The Flamingo Princess waited long and anxiously for his return; but he never came. I believe she finally married an ostrich, who led her a terrible life.
The Principal Whale called at the coast of Africa on his way back from the Southern seas, and hearing the sad intelligence of the Prince’s disappearance, departed in great sadness for his Northern home, to break the news to the Solar-Polarity of the Hypopeppercorns. When that potentate heard of the disappearance of his son, he fell off the North Pole, and broke his neck; and the whole nation assumed the mourning costume of the polar bears, which consists in tying a sailor’s knot in the left ear, and a granny’s knot in the right.
And thus ends, in sadness and despair, the story of “The Lost Prince of the Poles.”
CHAPTER XI.
One afternoon (it was not a “story” afternoon, for the grandmother was very busy, dyeing some of her homespun yarn) Toto went off to the forest early, intending to have a game of scamper with Coon and Cracker. As he sauntered along with his hands in his pockets, he met the woodchuck. Master Chucky looked very spruce and neat, and was trotting along with an air of great self-satisfaction.
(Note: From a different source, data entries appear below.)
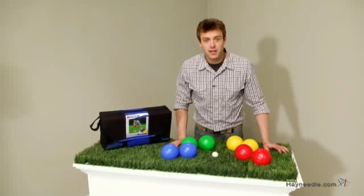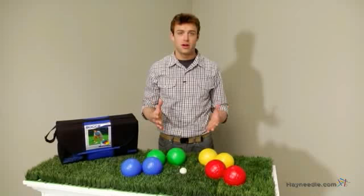Hi, I'm Nick with Hayneedle. If you're looking for a bocce set that doesn't limit you to the backyard or garden, then let's take a quick look at the Franklin Water Filled Bocce Set.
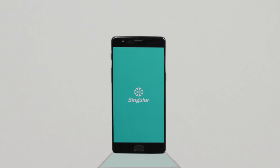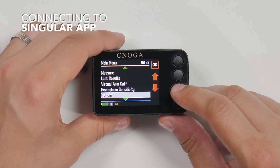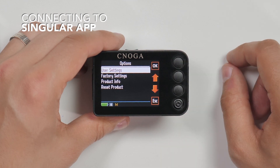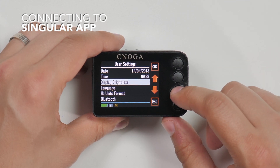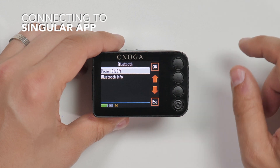To connect to the Singular app, you need to pair your device to the Bluetooth on your cell phone. Download the Singular app and register. To turn on Bluetooth on your device, choose options on the main menu, then press user settings. Scroll down to Bluetooth and choose power on/off.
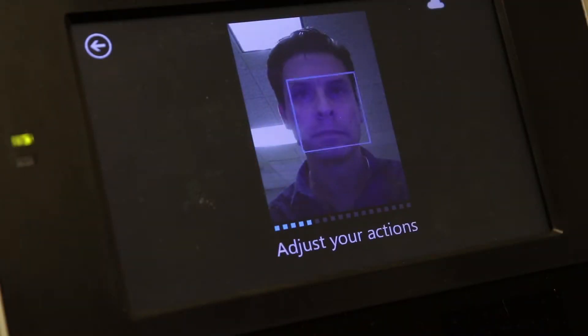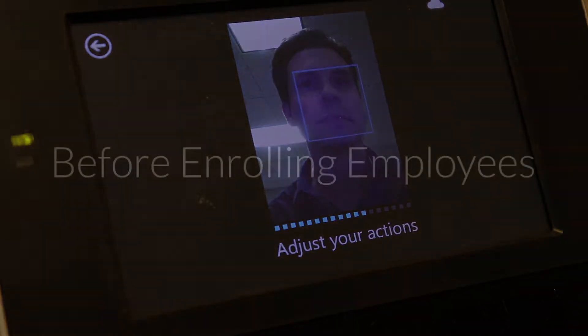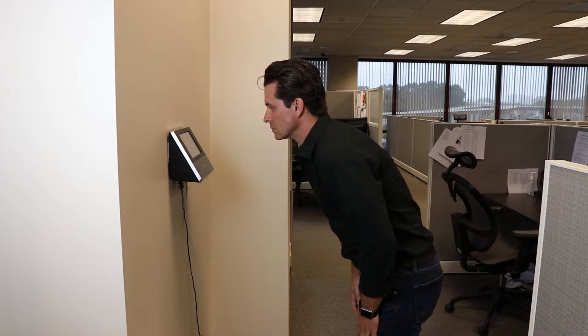Properly enrolling your employees will ensure that you have the best experience possible when using the CT-74. Before you enroll any employees, make sure that you've entered the serial number of the time clock into PayClock Online and that all of your employees have been synced. Next, make sure that the clock is mounted with the top edge level with the chin of your shortest employee. Taller employees can just bend at the hips when punching in and out.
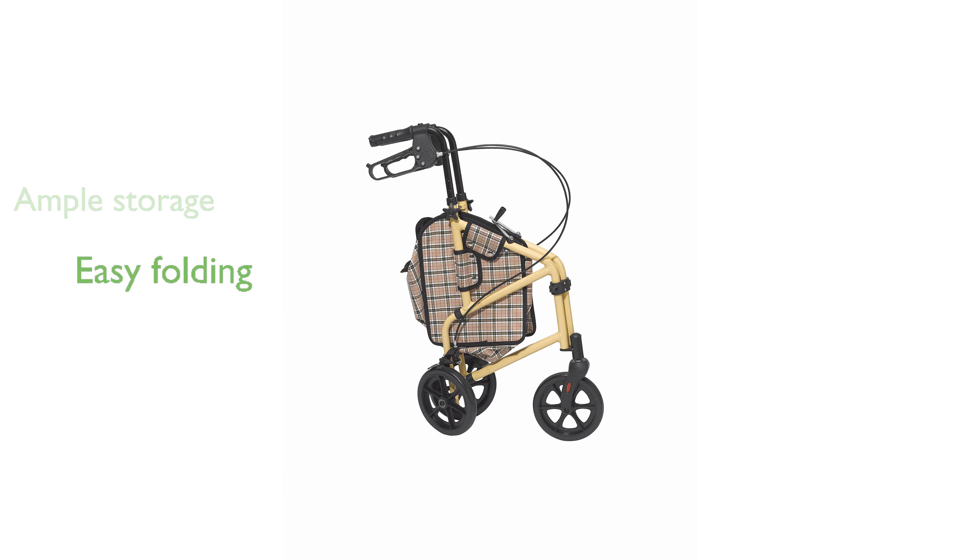Its folding design allows for one-handed operation, enabling easy storage and transport without compromising stability.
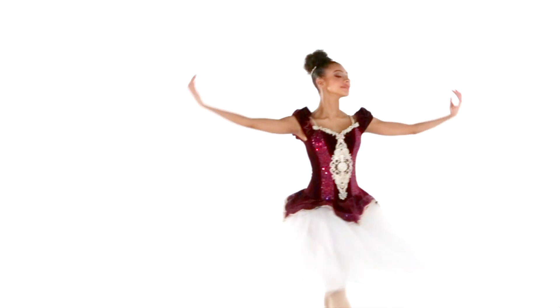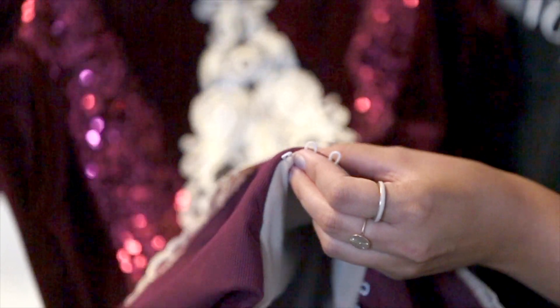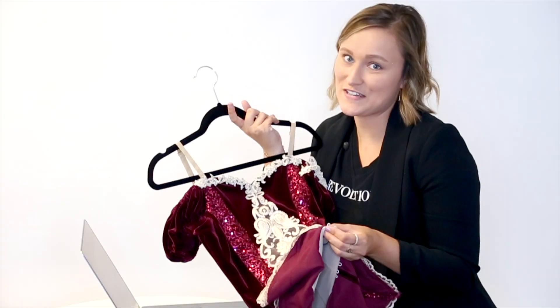It's fully lined and, like all of our premier styles, has a boned bodice. The bodice features elastic loops so that you can attach them to our professional platter tutu or our professional romantic tutu.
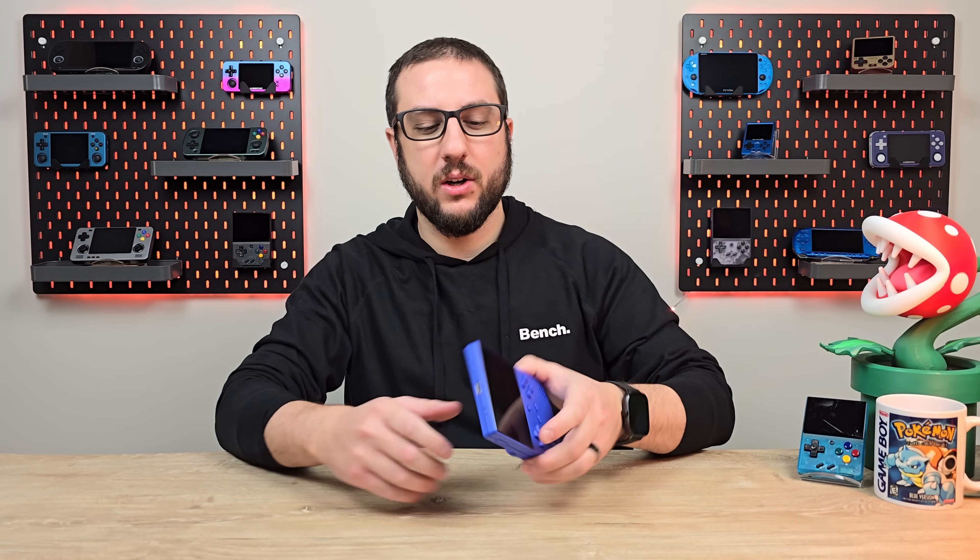Hey everyone and welcome back to Joey's Retro Handhelds. I'm Joey and today we're going to be doing a review of the Anbernic RG40XX-V.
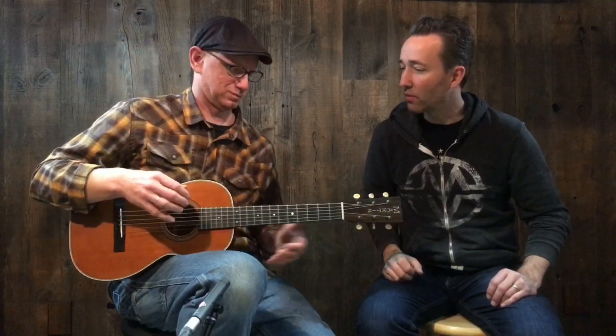It's a very cool guitar — the smallest guitar Martin makes — and this is one of our custom shop guitars. Let's dive right in; play what you feel this guitar needs to be played.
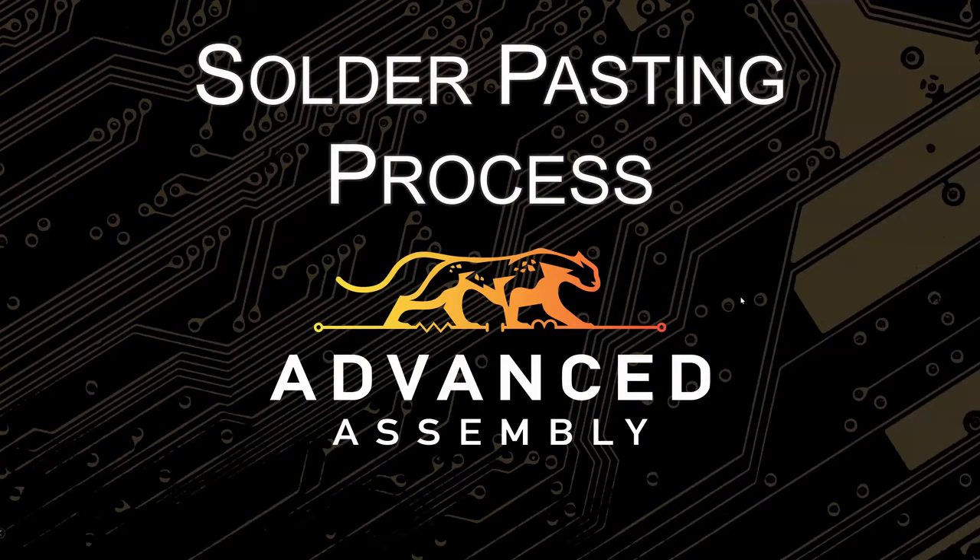Today we're going to talk about the solder pasting process. And I know what you're thinking — how exciting can solder be? But when you get down to it, it's what holds our boards together. Without solder, your components and your board would never properly mate and they would never stick together. So there's a lot of science involved. I brought in two industry experts: Shane Sheffield and Sebastian Weber.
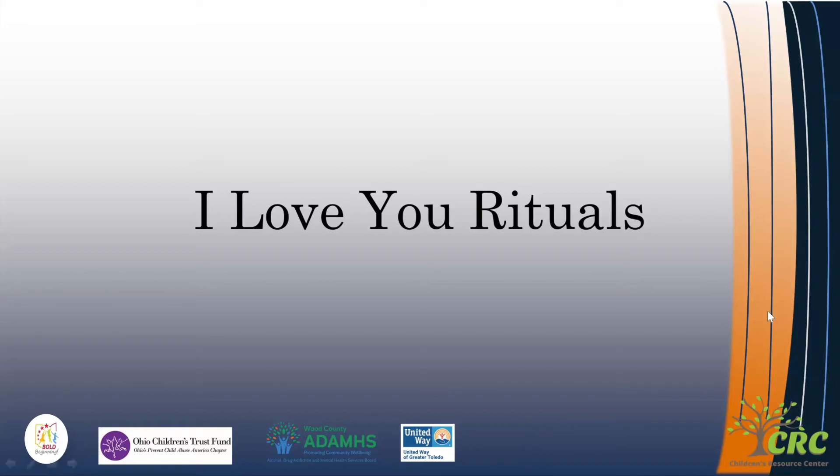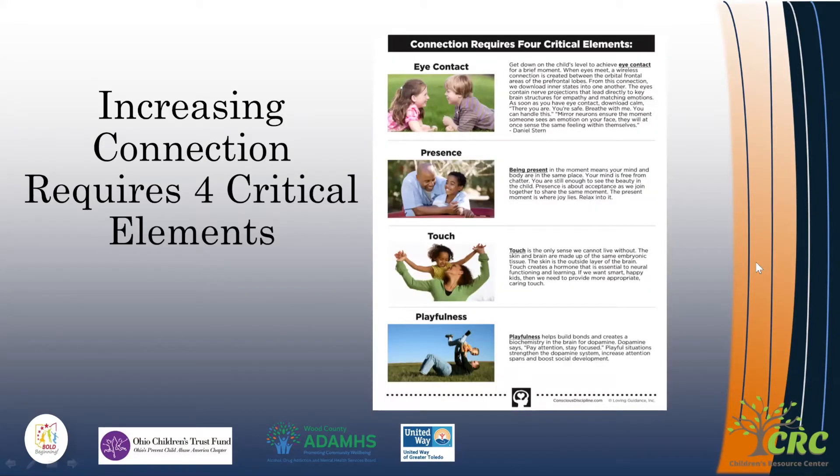What we need to increase connection are the four critical elements. These four critical elements of connection are eye contact, a sense of presence, touch, and playfulness.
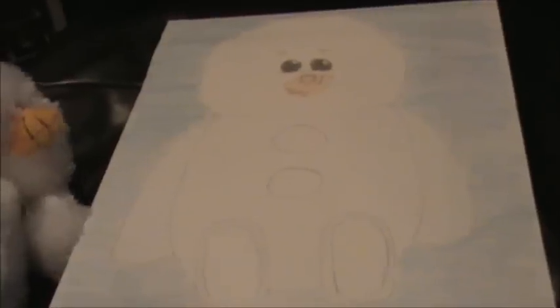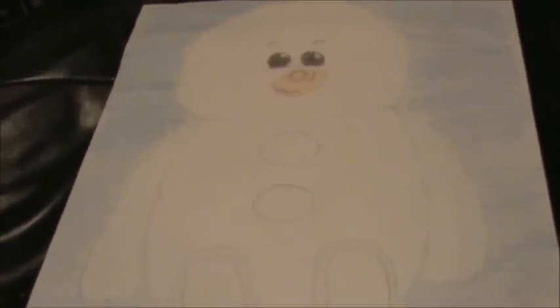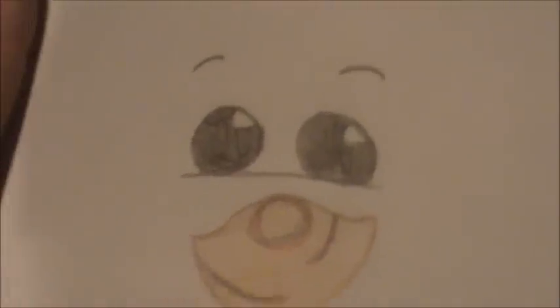I think he turned out really cute and I love him. How I drew it was I drew like a circle and I indented for his chin, because there's like an indent there. He has cheeks and it forms his cheeks and everything. There's his little face.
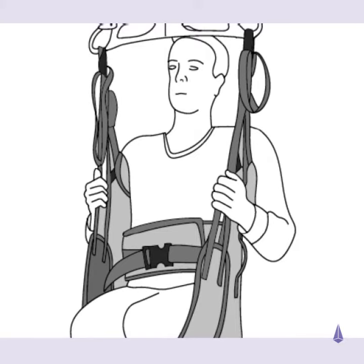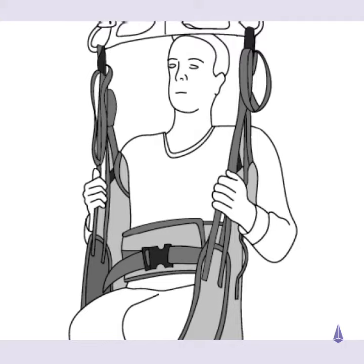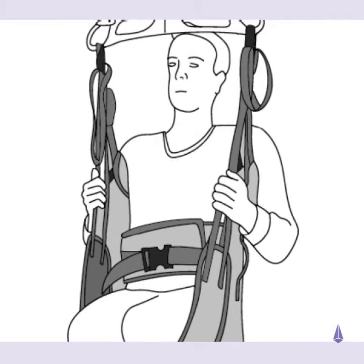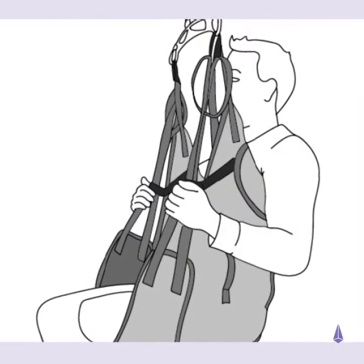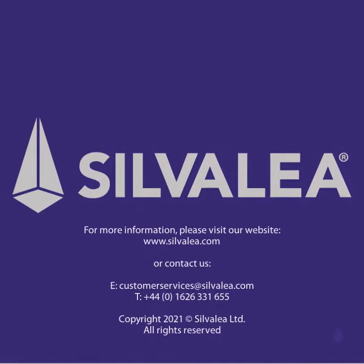With the patient's arms on the outside of the sling, if preferred, attach all tapes to the hoist. Use the appropriate corresponding colored loops for the required positioning. Ensure that all tapes are secure before commencing the transfer.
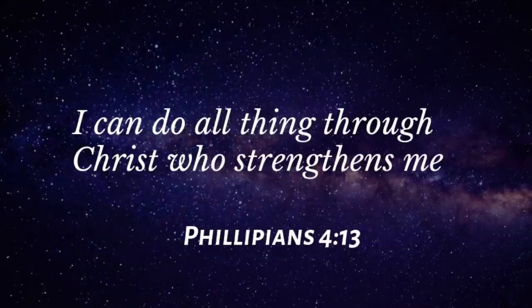I can do all things through Christ who strengthens me. Philippians 4:13.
“Hallo! you Chucky,” exclaimed Toto, “where are you going?”
The woodchuck stopped, and glanced around with his sharp little eyes. “Is any one with you, Toto?” he asked,—“Coon, or Cracker, or any of those fellows?”
“No,” answered Toto in some surprise. “I was just going to find them. Do you want them?”
“No, indeed!” exclaimed the woodchuck. “You see,” and he lowered his voice confidentially, “I am going to a rinktum, and I don’t want those fellows to know about it.”